=== Dataset entries ===
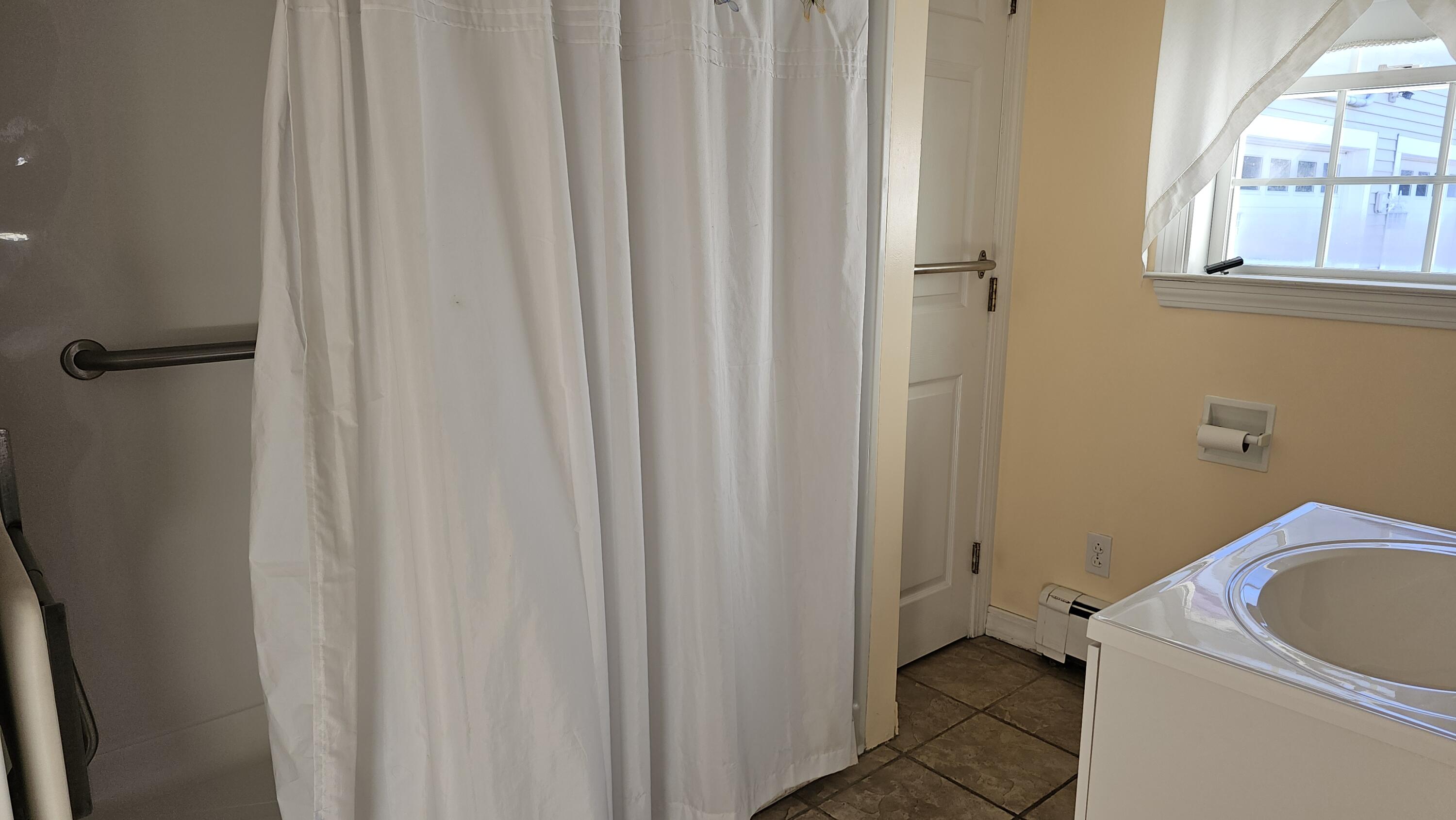 880 Minot Avenue Property Photo 8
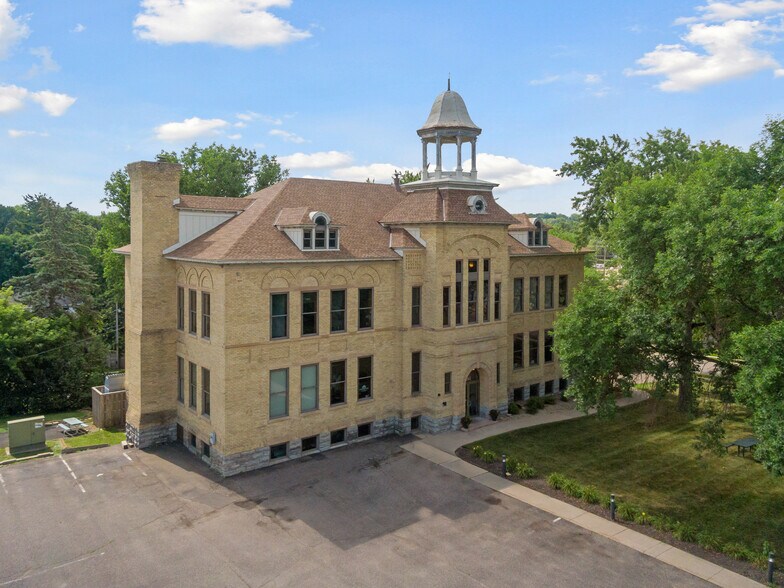 More Photos Of 261 School Ave, Excelsior Office For Sale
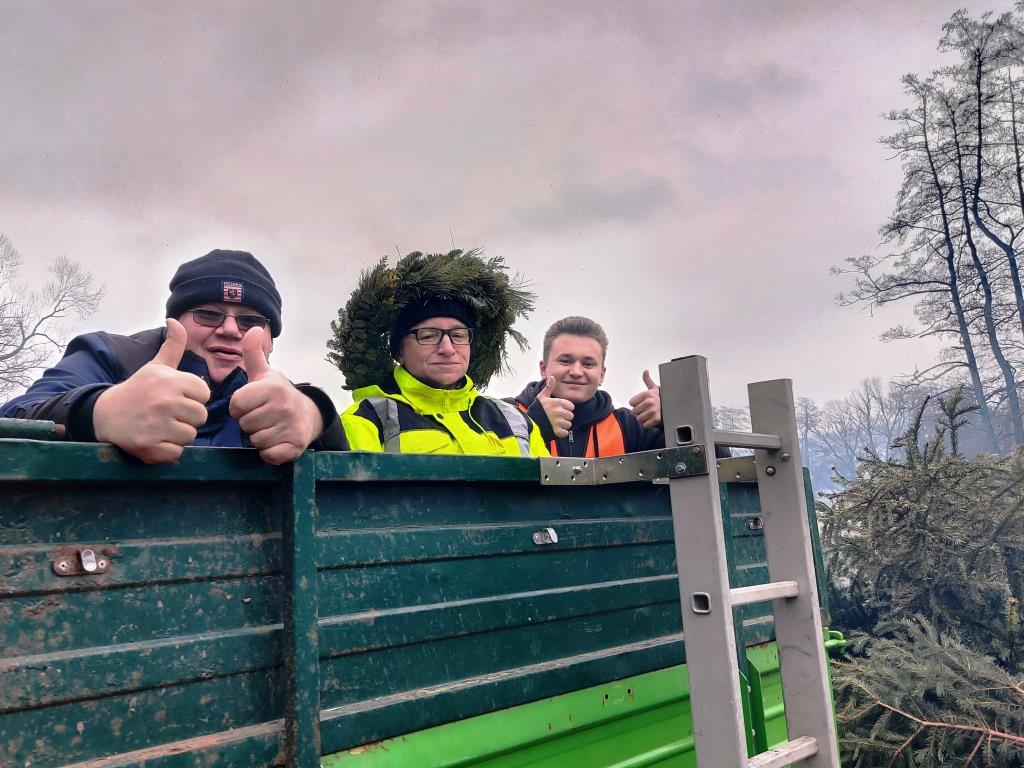 JF BSS Weihnachtsbaum Einsammeln 2024 046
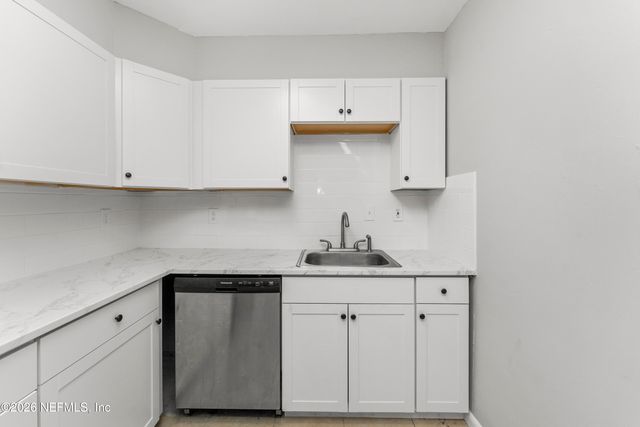 6171 CEDAR HILLS Boulevard, Jacksonville, FL 32210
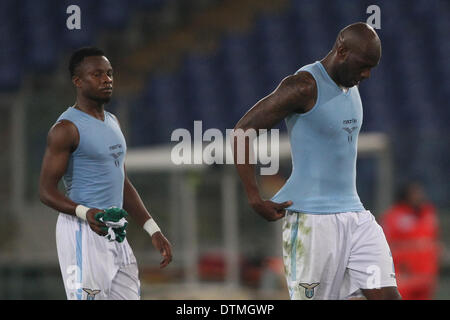 Italie . 20 février 2014. Football / Soccer : EUROPA LEAGUE KNOCKOUT FINAL 16° ronde. 14° MATCH Lazio vs Ludogorets, au stade olympique de la ville de Rome, Italie. Ciani et Onazi (laz) (photo : Marco Iacobucci/Alamy live news) Banque D'Images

=== Prompt ===
Take the entries above and set them down exactly, minus the pictures.

=== Exercise solution ===
 880 Minot Avenue Property Photo 8
 More Photos Of 261 School Ave, Excelsior Office For Sale
 JF BSS Weihnachtsbaum Einsammeln 2024 046
 6171 CEDAR HILLS Boulevard, Jacksonville, FL 32210
 Italie . 20 février 2014. Football / Soccer : EUROPA LEAGUE KNOCKOUT FINAL 16° ronde. 14° MATCH Lazio vs Ludogorets, au stade olympique de la ville de Rome, Italie. Ciani et Onazi (laz) (photo : Marco Iacobucci/Alamy live news) Banque D'Images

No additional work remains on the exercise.